4.– Così precisata, la questione non è fondata.

4.1.– Va ribadito che la legge di conversione rappresenta una legge funzionalizzata e specializzata, che non può aprirsi a oggetti eterogenei rispetto a quelli originariamente contenuti nell’atto con forza di legge (da ultimo sentenza n. 181 del 2019). Essa ammette soltanto disposizioni coerenti con quelle originarie, essenzialmente per evitare che il relativo iter procedimentale semplificato, previsto dai regolamenti parlamentari, possa essere sfruttato per scopi estranei a quelli che giustificano il decreto-legge, a detrimento delle ordinarie dinamiche di confronto parlamentare (sentenze n. 32 del 2014 e n. 22 del 2012).

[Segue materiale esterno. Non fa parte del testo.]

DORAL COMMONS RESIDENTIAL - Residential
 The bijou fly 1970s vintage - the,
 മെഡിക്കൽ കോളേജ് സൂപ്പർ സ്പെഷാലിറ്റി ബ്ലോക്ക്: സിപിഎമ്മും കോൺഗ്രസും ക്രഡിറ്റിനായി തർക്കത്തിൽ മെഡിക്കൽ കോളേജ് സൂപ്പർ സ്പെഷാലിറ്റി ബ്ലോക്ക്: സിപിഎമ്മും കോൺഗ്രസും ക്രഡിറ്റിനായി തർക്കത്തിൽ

La giurisprudenza di questa Corte ha peraltro precisato che un difetto di omogeneità, in violazione dell’art. 77, secondo comma, Cost., si determina solo quando le disposizioni aggiunte in sede di conversione siano totalmente «estranee» o addirittura «intruse», cioè tali da interrompere ogni correlazione tra il decreto-legge e la legge di conversione (sentenza n. 251 del 2014). Si è, inoltre, affermato che solo la palese «estraneità delle norme impugnate rispetto all’oggetto e alle finalità del decreto-legge» (sentenza n. 22 del 2012) oppure la «evidente o manifesta mancanza di ogni nesso di interrelazione tra le disposizioni incorporate nella legge di conversione e quelle dell’originario decreto-legge» (sentenza n. 154 del 2015) possono inficiare di per sé la legittimità costituzionale della norma introdotta con la legge di conversione (sentenza n. 181 del 2019).

Ancora, si è chiarito che la coerenza delle disposizioni aggiunte in sede di conversione con la disciplina originaria può essere valutata sia dal punto di vista oggettivo o materiale, sia dal punto di vista funzionale e finalistico (sentenza n. 32 del 2014).

4.2.– In base a questi criteri di valutazione, non vi sono elementi sufficienti per sostenere la palese estraneità, o addirittura il carattere intruso, della disposizione censurata, e nemmeno per ritenere che in essa manchi qualsiasi nesso di interrelazione con il contenuto dell’originario decreto-legge.

Relativa alla stessa «materia», il trasporto, sul quale incide l’atto con forza di legge da convertire, tale disposizione, come già ricordato, prevede un intervento a favore delle imprese di autotrasporto (in particolare dei vettori finali, nell’ambito del trasporto di merci su strada), e perciò condivide con il decreto-legge originario la “comune natura” (sentenza n. 251 del 2014) di misura finalizzata alla risoluzione di una situazione di crisi.

Sia dal punto di vista oggettivo o materiale, sia dal punto di vista funzionale e finalistico, deve essere perciò esclusa l’evidente o manifesta mancanza di ogni e qualunque nesso di interrelazione tra le disposizioni incorporate nella legge di conversione e quelle dell’originario decreto-legge.

per questi motivi

LA CORTE COSTITUZIONALE

riuniti i giudizi,

dichiara non fondata la questione di legittimità costituzionale dell’art. 1-bis, comma 2, lettera e), del decreto-legge 6 luglio 2010, n. 103 (Disposizioni urgenti per assicurare la regolarità del servizio pubblico di trasporto marittimo ed il sostegno della produttività nel settore dei trasporti), convertito, con modificazioni, nella legge 4 agosto 2010, n. 127, nella parte in cui inserisce l’art. 7-ter del decreto legislativo 21 novembre 2005, n. 286 (Disposizioni per il riassetto normativo in materia di liberalizzazione regolata dell’esercizio dell’attività di autotrasportatore), sollevata, in riferimento all’art. 77, secondo comma, della Costituzione, dal Giudice onorario di pace di Nocera Inferiore e dal Tribunale ordinario di Pesaro con le ordinanze indicate in epigrafe.

Così deciso in Roma, nella sede della Corte costituzionale, Palazzo della Consulta, il 25 settembre 2019.

F.to:

Giorgio LATTANZI, Presidente

Nicolò ZANON, Redattore

Roberto MILANA, Cancelliere

Depositata in Cancelleria il 29 ottobre 2019.